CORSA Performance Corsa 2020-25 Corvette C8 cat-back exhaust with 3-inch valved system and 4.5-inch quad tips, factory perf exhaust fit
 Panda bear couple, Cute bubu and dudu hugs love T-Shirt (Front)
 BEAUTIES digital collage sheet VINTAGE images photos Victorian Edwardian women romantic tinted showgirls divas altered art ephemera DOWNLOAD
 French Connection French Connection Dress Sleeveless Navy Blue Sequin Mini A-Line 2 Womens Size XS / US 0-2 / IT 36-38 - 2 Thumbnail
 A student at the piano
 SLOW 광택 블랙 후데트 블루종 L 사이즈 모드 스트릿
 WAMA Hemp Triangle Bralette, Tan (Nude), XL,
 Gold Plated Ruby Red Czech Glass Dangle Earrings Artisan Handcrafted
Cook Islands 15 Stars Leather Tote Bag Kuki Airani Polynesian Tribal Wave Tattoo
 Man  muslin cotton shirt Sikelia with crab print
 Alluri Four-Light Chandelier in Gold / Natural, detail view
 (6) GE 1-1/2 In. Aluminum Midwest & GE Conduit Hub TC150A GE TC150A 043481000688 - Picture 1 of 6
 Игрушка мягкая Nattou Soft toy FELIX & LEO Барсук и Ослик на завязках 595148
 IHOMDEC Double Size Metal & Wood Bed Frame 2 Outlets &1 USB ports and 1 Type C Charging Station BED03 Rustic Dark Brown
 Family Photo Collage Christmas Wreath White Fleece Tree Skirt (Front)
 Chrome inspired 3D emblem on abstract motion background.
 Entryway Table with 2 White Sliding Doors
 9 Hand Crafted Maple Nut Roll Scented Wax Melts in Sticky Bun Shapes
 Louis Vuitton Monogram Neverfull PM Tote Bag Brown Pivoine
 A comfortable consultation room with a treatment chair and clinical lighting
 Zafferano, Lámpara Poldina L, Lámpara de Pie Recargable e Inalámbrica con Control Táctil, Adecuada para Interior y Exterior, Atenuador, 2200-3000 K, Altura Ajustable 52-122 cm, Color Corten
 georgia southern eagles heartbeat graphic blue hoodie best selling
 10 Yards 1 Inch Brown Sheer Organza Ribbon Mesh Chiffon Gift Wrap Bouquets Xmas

* * * * * * * * *

Action item:
Look above for the line with "Chrome inspired 3D"; retype exactly that line, every line after it up to the line with "georgia southern eagles", and that line too, nothing else.

Written answer:
 Chrome inspired 3D emblem on abstract motion background.
 Entryway Table with 2 White Sliding Doors
 9 Hand Crafted Maple Nut Roll Scented Wax Melts in Sticky Bun Shapes
 Louis Vuitton Monogram Neverfull PM Tote Bag Brown Pivoine
 A comfortable consultation room with a treatment chair and clinical lighting
 Zafferano, Lámpara Poldina L, Lámpara de Pie Recargable e Inalámbrica con Control Táctil, Adecuada para Interior y Exterior, Atenuador, 2200-3000 K, Altura Ajustable 52-122 cm, Color Corten
 georgia southern eagles heartbeat graphic blue hoodie best selling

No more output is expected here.